Exercise directions |
Copy out each line below in which the string "Casual" appears.
====== Supplied data ======
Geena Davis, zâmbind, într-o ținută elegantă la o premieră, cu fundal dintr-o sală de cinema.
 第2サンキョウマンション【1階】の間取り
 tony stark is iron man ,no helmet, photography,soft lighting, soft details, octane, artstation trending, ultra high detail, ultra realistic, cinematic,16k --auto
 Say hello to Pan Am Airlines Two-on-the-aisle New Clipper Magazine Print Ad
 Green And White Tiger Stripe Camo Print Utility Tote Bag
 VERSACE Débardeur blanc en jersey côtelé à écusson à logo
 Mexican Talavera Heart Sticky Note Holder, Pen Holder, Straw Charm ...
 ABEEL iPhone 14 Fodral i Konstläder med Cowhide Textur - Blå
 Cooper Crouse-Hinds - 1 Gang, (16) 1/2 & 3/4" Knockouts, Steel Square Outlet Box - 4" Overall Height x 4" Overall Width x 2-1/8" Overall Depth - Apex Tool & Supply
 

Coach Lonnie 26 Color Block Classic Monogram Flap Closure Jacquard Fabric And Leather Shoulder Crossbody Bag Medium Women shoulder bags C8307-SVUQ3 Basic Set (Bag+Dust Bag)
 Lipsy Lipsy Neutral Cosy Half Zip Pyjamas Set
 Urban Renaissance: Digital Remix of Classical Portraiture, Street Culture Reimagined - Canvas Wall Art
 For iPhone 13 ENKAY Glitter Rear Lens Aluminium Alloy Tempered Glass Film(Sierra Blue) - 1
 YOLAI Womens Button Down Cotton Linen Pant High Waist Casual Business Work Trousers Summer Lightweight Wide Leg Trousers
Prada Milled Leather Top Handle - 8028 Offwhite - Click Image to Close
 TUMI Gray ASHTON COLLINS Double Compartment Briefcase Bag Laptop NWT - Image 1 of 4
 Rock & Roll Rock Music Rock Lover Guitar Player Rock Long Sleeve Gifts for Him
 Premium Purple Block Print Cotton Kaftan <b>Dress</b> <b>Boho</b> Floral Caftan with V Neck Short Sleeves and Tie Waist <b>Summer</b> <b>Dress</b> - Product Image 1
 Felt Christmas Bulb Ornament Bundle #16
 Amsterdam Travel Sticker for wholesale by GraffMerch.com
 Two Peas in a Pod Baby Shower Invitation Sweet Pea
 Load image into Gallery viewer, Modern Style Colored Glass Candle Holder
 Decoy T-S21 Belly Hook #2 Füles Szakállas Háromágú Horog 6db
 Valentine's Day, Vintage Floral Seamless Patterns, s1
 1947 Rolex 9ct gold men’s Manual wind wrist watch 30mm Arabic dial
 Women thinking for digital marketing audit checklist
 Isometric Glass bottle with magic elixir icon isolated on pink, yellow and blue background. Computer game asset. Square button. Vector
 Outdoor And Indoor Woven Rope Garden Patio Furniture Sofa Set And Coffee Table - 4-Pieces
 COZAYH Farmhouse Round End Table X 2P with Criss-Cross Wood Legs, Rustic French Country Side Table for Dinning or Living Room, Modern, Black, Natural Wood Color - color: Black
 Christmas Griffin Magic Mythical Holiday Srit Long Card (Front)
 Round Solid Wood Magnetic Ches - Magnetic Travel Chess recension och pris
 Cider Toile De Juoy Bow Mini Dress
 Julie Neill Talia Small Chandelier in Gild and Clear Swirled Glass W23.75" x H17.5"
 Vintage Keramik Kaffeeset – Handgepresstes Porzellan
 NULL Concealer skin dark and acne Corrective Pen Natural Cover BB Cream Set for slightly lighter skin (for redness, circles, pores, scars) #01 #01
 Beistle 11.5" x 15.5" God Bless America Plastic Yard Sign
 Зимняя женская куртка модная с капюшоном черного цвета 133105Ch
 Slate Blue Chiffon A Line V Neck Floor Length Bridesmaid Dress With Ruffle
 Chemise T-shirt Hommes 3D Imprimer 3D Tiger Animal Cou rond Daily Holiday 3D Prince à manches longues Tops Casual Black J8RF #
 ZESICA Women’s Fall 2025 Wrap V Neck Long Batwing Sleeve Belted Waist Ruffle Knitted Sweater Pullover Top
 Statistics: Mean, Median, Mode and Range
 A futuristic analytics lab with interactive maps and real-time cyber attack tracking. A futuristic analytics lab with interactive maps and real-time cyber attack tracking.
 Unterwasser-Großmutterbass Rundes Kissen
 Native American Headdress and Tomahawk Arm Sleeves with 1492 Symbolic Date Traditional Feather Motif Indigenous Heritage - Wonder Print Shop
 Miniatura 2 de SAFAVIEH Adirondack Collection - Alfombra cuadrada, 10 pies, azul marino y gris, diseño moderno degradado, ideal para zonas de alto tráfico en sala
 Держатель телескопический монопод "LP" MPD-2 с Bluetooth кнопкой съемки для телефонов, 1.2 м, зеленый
======
Final answer |
 YOLAI Womens Button Down Cotton Linen Pant High Waist Casual Business Work Trousers Summer Lightweight Wide Leg Trousers
 Chemise T-shirt Hommes 3D Imprimer 3D Tiger Animal Cou rond Daily Holiday 3D Prince à manches longues Tops Casual Black J8RF #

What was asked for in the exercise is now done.